Human Motion Diffusion Model

Reventlov · on Oct 11, 2022

You know what ? It reminds me of https://0x0.st/ot5T.gif ( https://en.wikipedia.org/wiki/Dancing_baby )

soperj · on Oct 11, 2022

I understand it's probably gonna get better and better, but the actual result made me laugh out loud. The skipping rope one was hilarious.

cdev_gl · on Oct 11, 2022

If you scroll down a bit there's a wireframe of the skeleton which is what's actually being animated, and you'll notice it's lacking in bones to define the fingers or even possibly hands. Hence why the hands maintain that weird pose throughout all examples.

My gut says that the quality could be rapidly improved without changing the underlying design at all.

The real issue with this, I think, is that motion capture for humans is already widely available and provides much higher fidelity and control than text. Unless I'm misreading the paper badly, this model was trained on exactly such data. Blending between multiple animations through motion capture is also well-understood.

So while the results are impressive, the practical gains seem very marginal. I think perhaps that the equivalent to "inpainting" (as mentioned in the text) and "style transfer" would be the big gain here? If we could use this to retarget animations to different body plans (child, adult, space monster) quickly, or for smarter interpolation between human-authored keyframes, I could see that being a much-desired tool.

nineteen999 · on Oct 11, 2022

I dunno, as an amateur animator and game developer this would be a huge help to me. I have a first gen Perception Neuron suit, I even wrote an addon for Blender that retargets the Neuron output for the Rigify rig.

But it's cumbersome to put on and take off, and to operate, especially when working alone. While I'm in pretty good shape, there's heaps of movements (eg. martial arts, swordplay, firing/reloading a gun etc) that would probably look silly if I performed them. I can see this being very handy at least for prototyping animations at the very least.

Replacing finger bone positions is pretty trival in Blender as well using the Pose Library feature so the lack of finger data isn't that much of a big deal.

jerpint · on Oct 11, 2022

This is very informative, I never knew people "did this at home"

dagmx · on Oct 11, 2022

The reason there’s likely no finger joints is because a lot of motion capture data doesn’t include fidelity beyond the wrist.

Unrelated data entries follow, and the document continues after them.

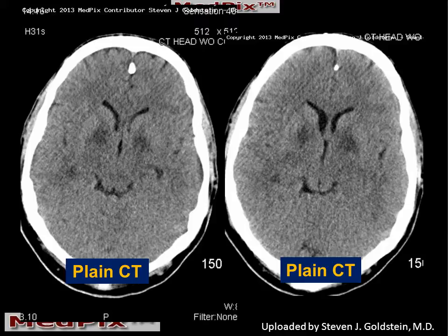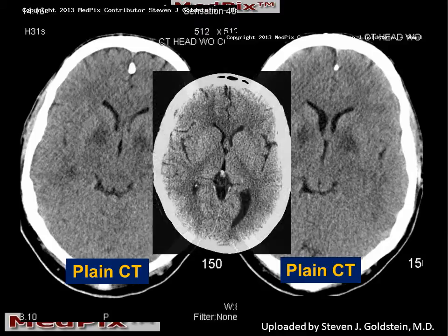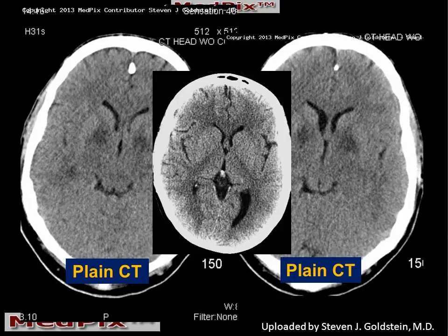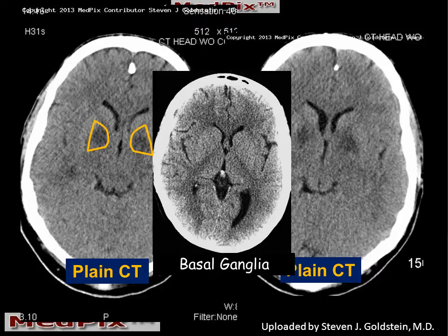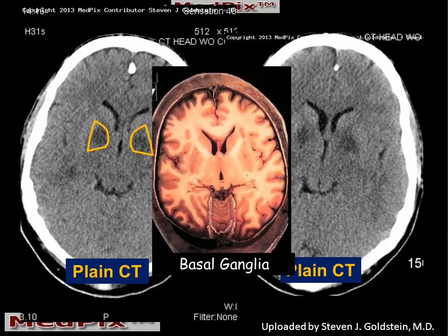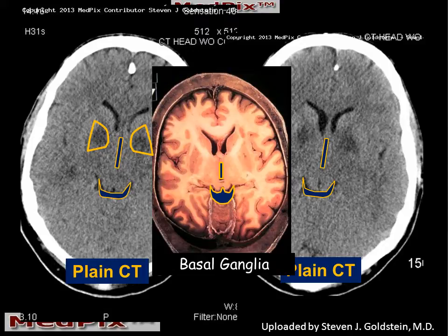These two slices, both at the level of the quadrigeminal plate cistern, are clearly abnormal. In the center, we have a normal slice from a similar location, and we can see on our images that there is abnormal decreased attenuation in the medial portion of the basal ganglia. Which portion of the basal ganglia is this? If we look at this brain slice, we can see the anatomic landmarks of the third ventricle and the quadrigeminal plate cistern, which we can also identify on our scans.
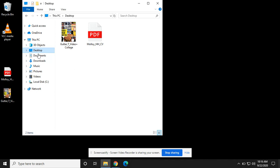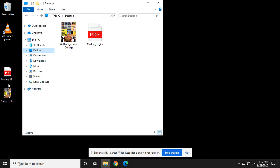Once we click on desktop it's going to show us all the things that are on our desktop. Notice I have this malloy underscore hh underscore CV as well as this collage project here.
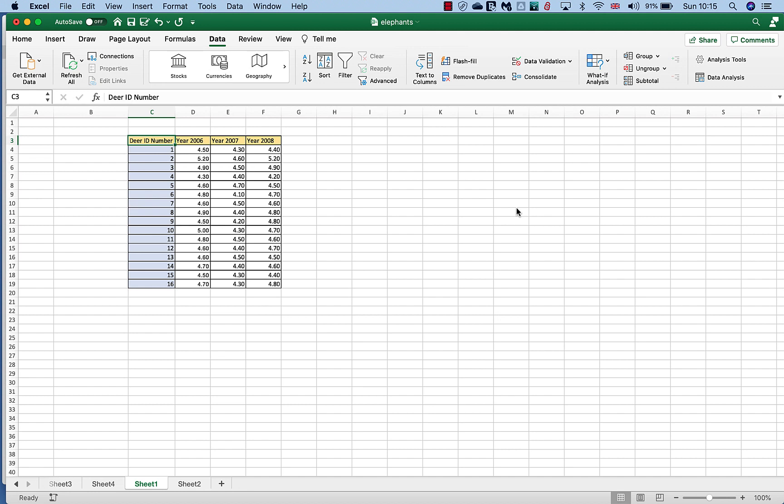In the last video we looked at how we could use the student's t-test to look at variation between two different samples. That's a really powerful tool. However, what happens if we have more than two sets of data? Is there a tool that we can use for that?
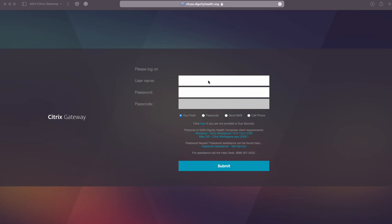If you're wondering how to access Cerner remotely, the way to do it is to go to a browser and go to this website. It's nfuse, the letter n, fuse.dignityhealth.org.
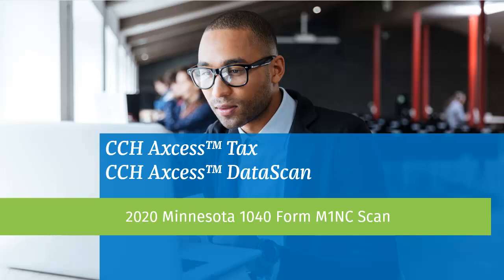Hello, and welcome to the video for setting up and running a scan for 2020 Minnesota 1040 returns containing the form M1NC in CCH Access Tax and CCH Access Data Scan.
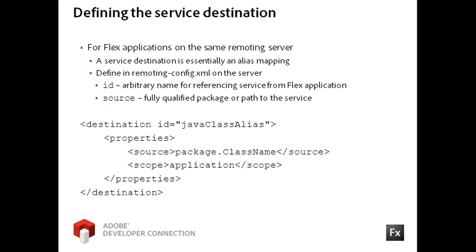This code also includes a scope property indicating the scope of the service. It could be set to Application, Session, or Request.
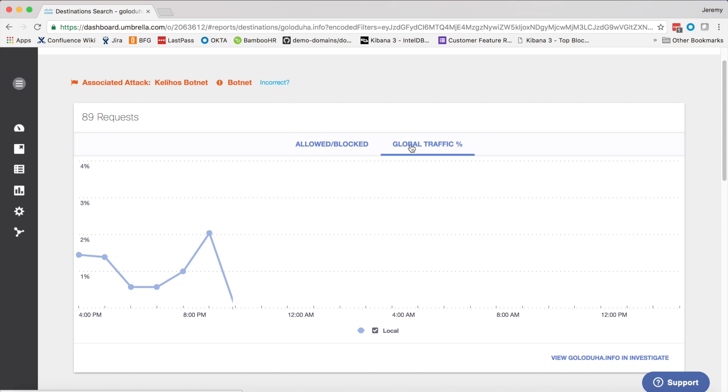Additionally, I can view what proportion of global traffic my organization's traffic contributes to this domain. This will help me understand whether this domain is part of a targeted attack or just another piece of commodity malware.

So if they’re training on the standard corpuses of motion capture data available and even mixing in their own, they likely won’t have fingers to base data on.

codeflo · on Oct 11, 2022

If you look very closely, the model does have wrists. (Most noticeable on the models left arm — that is the viewer’s right.)

Either way, the shoulder and elbow joints don’t move much during rope skipping, and no matter how it’s recorded, the motion capture data that was used for training should reflect that.

My best guess is that the model has picked up on the tiny arm motions that are present in rope skipping and wildly exaggerated them for some reason.

simion314 · on Oct 11, 2022

So today the issue with traditional animations is that you get all humans have same height, same proportions, like for example in The sims games all adults have exactly same height though you have different body shapes. If you use mods to change height, or legs length then things no longer align, like siting on a chair. This means chairs, beds,tables, doors all have the same height.

Not sure if this diffusion is the answer but some smarter way to extrapolate existing animation to work with bodies and objects that are 10-20% different and look natural.

hoseja · on Oct 11, 2022

Motion capture is expensive and laborious.

soperj · on Oct 11, 2022

That wireframe is gonna be sore. Lifting with it's back instead of it's legs...

Agentlien · on Oct 11, 2022

I was actually really impressed by these results. But yes, that skipping rope does look hilarious.

soperj · on Oct 11, 2022

Oh it's definitely impressive, I just couldn't help laughing.

DougBTX · on Oct 11, 2022

Maybe this is the upside of the uncanny valley, doesn’t look exactly like a person, but it does look like a silly person!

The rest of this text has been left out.